Bullion remained the first choice of investment this week as Fed policymakers signaled support for an unchanged interest rate policy due to a multi-year high in US Treasury yields. FOMC members expect that higher bond yields could be substituted for further rate-tightening as the pace of spending and investment could slow down due to higher borrowing costs.
Daily Digest Market Movers: Gold price extends upside amid Middle East tensions
- Gold price delivers a fresh upside to near $1,870.00 ahead of the release of the FOMC minutes and the producer inflation data for September.
- The release of the FOMC minutes for the September monetary policy is expected to provide a detailed explanation behind a steady interest rate decision. Apart from that, the outlook on inflation and interest rates will be keenly watched.
- For US producer inflation, investors expect monthly headline PPI to expand at a slower pace of 0.4% against 0.7% recorded in August. The core PPI is seen growing at a steady pace of 0.2% in the same period.
- On an annualized basis, headline PPI is foreseen steady at 1.6%. The Core PPI accelerated marginally to 2.3% against the former reading of 2.2%.
- The precious metal has witnessed significant investment from investors this week amid the conflict in Israel/Palestine. The appeal for Gold remains upbeat as a firmer risk-aversion theme improves demand for safe-haven assets.
- In addition to higher demand for safe-haven assets, neutral interest rate guidance from Federal Reserve policymakers has kept the Gold price upbeat.
- On Tuesday, San Francisco Fed Bank President Mary Daly said that the risk of over-tightening is not expected to outweigh the risk of raising rates too much. She further added that higher long-term US Treasury yields could be substituted for higher rates since it should lead to lower spending and investment.
- This week, Dallas Fed Bank President Lorie Logan drew less emphasis on raising interest rates further if long-term Treasury yields remain elevated.
- Fed Vice Chair Philip Jefferson also warned that the central bank needs to be very careful with a further hike in interest rates.
- Atlanta Federal Reserve Bank President Raphael Bostic said on Tuesday that current monetary policy is sufficiently restrictive and inflation will come down to 2% without triggering a recession.
- The US Dollar Index (DXY) delivered a five-day losing spell and stabilized below 106.00 amid an improved market mood and squeezing expectations of one more interest rate increase from the Fed for the remainder of 2023.
- As per the CME FedWatch Tool, traders see an 86% chance of the Fed keeping interest rates unchanged at 5.25 to 5.50%, where they’ve stood since July. The odds of one more interest rate increase in any of the two remaining monetary policy meetings in 2023 have dropped to 25%.

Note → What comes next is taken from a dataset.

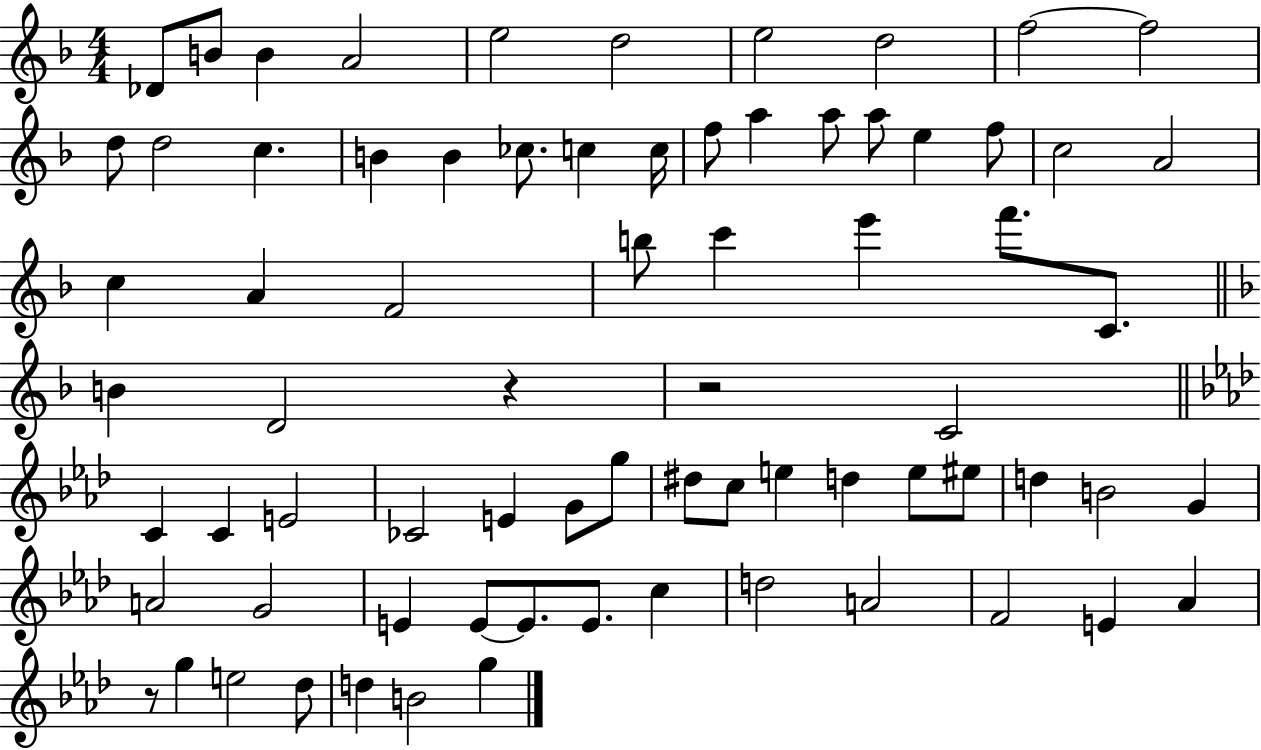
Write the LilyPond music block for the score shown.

- The US Dollar carries the potential of recovering after a corrective move as the US economy is resilient amid tight labor market conditions and robust consumer spending. The global economy is expected to face further calamity due to Israel-Palestine tensions.
- Going forward, investors will focus on the inflation data for September, which will set an undertone for the Fed’s November monetary policy.